The spokesmen for this committee explained to Jesus that Alexandria was destined to become the headquarters of Jewish culture for the entire world; that the Hellenistic trend of Jewish affairs had virtually outdistanced the Babylonian school of thought. They reminded Jesus of the ominous rumblings of rebellion in Jerusalem and throughout Palestine and assured him that any uprising of the Palestinian Jews would be equivalent to national suicide, that the iron hand of Rome would crush the rebellion in three months, and that Jerusalem would be destroyed and the temple demolished, that not one stone would be left upon another.

Jesus listened to all they had to say, thanked them for their confidence, and, in declining to go to Alexandria, in substance said, “My hour has not yet come.” They were nonplused by his apparent indifference to the honor they had sought to confer upon him. Before taking leave of Jesus, they presented him with a purse in token of the esteem of his Alexandrian friends and in compensation for the time and expense of coming over to Caesarea to confer with them. But he likewise refused the money, saying: “The house of Joseph has never received alms, and we cannot eat another's bread as long as I have strong arms and my brothers can labor.”

His friends from Egypt set sail for home, and in subsequent years, when they heard rumors of the Capernaum boatbuilder who was creating such a commotion in Palestine, few of them surmised that he was the babe of Bethlehem grown up and the same strange-acting Galilean who had so unceremoniously declined the invitation to become a great teacher in Alexandria.

Jesus returned to Nazareth. The remainder of this year was the most uneventful six months of his whole career. He enjoyed this temporary respite from the usual program of problems to solve and difficulties to surmount. He communed much with his Father in heaven and made tremendous progress in the mastery of his human mind.

But human affairs on the worlds of time and space do not run smoothly for long. In December James had a private talk with Jesus, explaining that he was much in love with Esta, a young woman of Nazareth, and that they would sometime like to be married if it could be arranged. He called attention to the fact that Joseph would soon be eighteen years old, and that it would be a good experience for him to have a chance to serve as the acting head of the family. Jesus gave consent for James's marriage two years later, provided he had, during the intervening time, properly trained Joseph to assume direction of the home.

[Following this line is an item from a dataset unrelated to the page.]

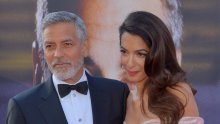 Amal i George Clooney s djecom doputovali na Sardiniju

And now things began to happen—marriage was in the air. James's success in gaining Jesus' assent to his marriage emboldened Miriam to approach her brother-father with her plans. Jacob, the younger stone mason, onetime self-appointed champion of Jesus, now business associate of James and Joseph, had long sought to gain Miriam's hand in marriage. After Miriam had laid her plans before Jesus, he directed that Jacob should come to him making formal request for her and promised his blessing for the marriage just as soon as she felt that Martha was competent to assume her duties as eldest daughter.

When at home, he continued to teach the evening school three times a week, read the Scriptures often in the synagogue on the Sabbath, visited with his mother, taught the children, and in general conducted himself as a worthy and respected citizen of Nazareth in the commonwealth of Israel.